The cpusets code which this was based on simply locked the task list,
and traversed it to find threads in the cpuset of interest; you could
do the same thing in any other resource controller.

Not keeping a list of tasks in the container makes fork/exit more
efficient, and I assume is the reason that cpusets made that design
decision. If we really wanted to keep a list of tasks in a container
it wouldn't be hard, but should probably be conditional on at least
one of the registered resource controllers to avoid unnecessary
overhead when none of the controllers actually care (in a similar
manner to the fork/exit callbacks, which only take the container
callback mutex if some container subsystem is interested in fork/exit
events).

>
>                 - register/deregister themselves
>                 - be intimated about changes in resource allocation for a group
>                 - be intimated about task movements between groups
>                 - be intimated about creation/deletion of groups
>                 - know which group a task belongs to

Apart from the deregister, my generic containers patch provides all of
these as well.

How important is it for controllers/subsystems to be able to
deregister themselves, do you think? I could add it relatively easily,
but it seemed unnecessary in general.

>
> B. UBC
>
>         Framework to account and limit usage of various resources by a
>         container (group of tasks).
>
>         Provides a system call based interface to:
>
>                 - set a task's beancounter id. If the id does not exist, a new
>                   beancounter object is created
>                 - change a task's association from one beancounter to other
>                 - return beancounter id to which the calling task belongs
>                 - set limits of consumption of a particular resource by a
>                   beancounter
>                 - return statistics information for a given beancounter and
>                   resource.

I've not really played with it yet, but I don't see any reason why the
beancounter resource control concept couldn't also be built over
generic containers. The user interface would be different, of course
(filesysmem vs syscall), but maybe even that could be emulated if
there was a need for backwards compatibility.

>
> Consensus:
>
>         - Provide resource control over a group of tasks
>         - Support movement of task from one resource group to another
>         - Dont support heirarchy for now

Both CKRM/RG and generic containers support a hierarchy.

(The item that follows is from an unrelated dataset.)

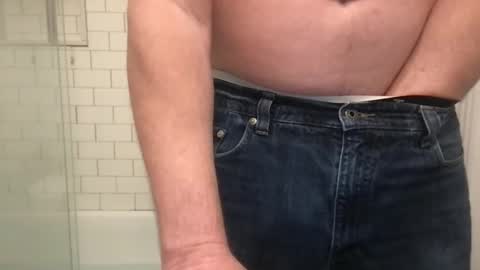 lvguynextdoor440656 online show from November 4, 2025, 11:37 pm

>         - Support limit (soft and/or hard depending on the resource
>           type) in controllers. Guarantee feature could be indirectly
>           met thr limits.

That's an issue for resource controllers, rather than the underlying
infrastructure, I think.

>
> Debated:
>         - syscall vs configfs interface
>         - Interaction of resource controllers, containers and cpusets
>                 - Should we support, for instance, creation of resource
>                   groups/containers under a cpuset?
>         - Should we have different groupings for different resources?

I've played around with the idea where the hierarchies of resource
controller entities was distinct from the hierarchy of process
containers.

The simplest form of this would be that at each level in the hierarchy
the user could indicate, for each resource controller, whether child
containers would inherit the same resource entity for that controller,
or would have a new one created. E.g. you could determine if, when you
create a child container, whether tasks in that container would be in
the same cpuset as the parent, or in a fresh cpuset; this would be
independent of whether they were in the same disk I/O scheduling
domain, or in a fresh child domain, etc. This would be an extension of
the "X_enabled" files that appear in the top-level container directory
for each container subsystem in my current patch.

At a more complex level, the resource controller entity tree for each
resource controller could be independent, and the mapping from
containers to resource controller nodes could be arbitrary and
different for each controller - so every process would belong to
exactly one container, but the user could pick e.g. any cpuset and any
disk I/O scheduling domain for each container.

Both of these seem a little complex for a first cut of the code, though.